First and foremost my relationship with the Creator fortifies me and helps me to remember what’s really important. I also have to mention my connection to my African-American heritage; the strength and support of my family; my education at single-sex institutions from middle school through undergraduate. Women’s education gave me a strong, healthy sense of identity. I also learned how to summon my personal power and sharpen my communication through the Landmark Education curriculum, which I completed in 2003.

BPM: Who are your mentors?
My mentors are my late mother, Fulani Mshaka, to whom I dedicated my book, author Terrie M. Williams, who taught me the value of the personal touch in business, and music executive turned film producer Lisa Cortes, whose path greatly inspires mine.

BPM: Where do you find your inspiration?
Travel, film, music, art exhibits, theater, books, stimulating conversation. I especially love talking with my son; his insights are incredible.

BPM: Finish this sentence- My writing offers the following legacy to future readers...
My writing offers the following legacy to future readers by thrusting the voices of women who work in entertainment into the literary cannon. Put Your Dreams First provides mentorship from over 90 women so readers won’t have to compromise their bodies or values to be successful in entertainment. Writing this book crystallized the importance of legacy building for me.

BPM: Introduce us to the primary message in your book.
That while men dominate the entertainment world, women drive it—and their business insights can help all readers become successful while keeping their integrity intact. The key is to Put Your Dreams First, hence the title.  This highly informative guide is for every woman wanting to know how to navigate the entertainment superhighway and find that job of a lifetime.

BPM: Share with us 2 or 3 life enhancing sections from Put Your Dreams First.
The Work-Life Balance Myth
Yeah, I said it. Balancing work and family is a myth. While PDAs and laptops allow us to seem like we’re in many places at once, in the physical realm, we have yet to clone ourselves. Until that day, we’re left with the choice to make our passion for work and our love for our spouses, partners, children and families work. As a wife of almost twelve years who was seen many an industry couple implode, and as a mother of a young son who has been the ear and shoulder for countless single parents, I am clear that “balance” in this scenario is non-applicable.

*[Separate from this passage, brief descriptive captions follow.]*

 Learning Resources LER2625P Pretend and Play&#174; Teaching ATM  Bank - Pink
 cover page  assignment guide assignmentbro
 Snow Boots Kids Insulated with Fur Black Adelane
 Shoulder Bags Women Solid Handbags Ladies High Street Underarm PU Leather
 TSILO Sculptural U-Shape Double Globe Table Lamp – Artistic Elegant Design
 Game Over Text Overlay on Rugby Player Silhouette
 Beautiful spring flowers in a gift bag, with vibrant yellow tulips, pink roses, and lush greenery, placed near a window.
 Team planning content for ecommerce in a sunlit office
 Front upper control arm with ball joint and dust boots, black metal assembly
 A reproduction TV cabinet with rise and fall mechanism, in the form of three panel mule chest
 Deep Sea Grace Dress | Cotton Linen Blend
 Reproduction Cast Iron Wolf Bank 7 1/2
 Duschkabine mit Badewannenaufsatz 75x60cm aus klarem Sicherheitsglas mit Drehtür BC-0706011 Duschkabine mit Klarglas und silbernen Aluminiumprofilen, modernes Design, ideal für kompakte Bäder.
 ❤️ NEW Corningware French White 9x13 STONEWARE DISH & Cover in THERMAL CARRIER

Once I figured this out, I became a much more successful wife. My choice to make a family and personal life work looked like me giving up my 90+ hour a week job for one where I could actually leave the office at 6 o’clock without my boss looking at me sideways. Thankfully you don’t have to be a home maker in the 21st century, but if you want to nurture a committed relationship and raise children you do need to be home. And while I was working at Gavin, I was barely ever home. I was either in the office or out at clubs, radio stations, retail outlets, concerts. My professional life was my personal life. I was always in work mode. Ironically when I got to New York I was pulling down fewer hours a week.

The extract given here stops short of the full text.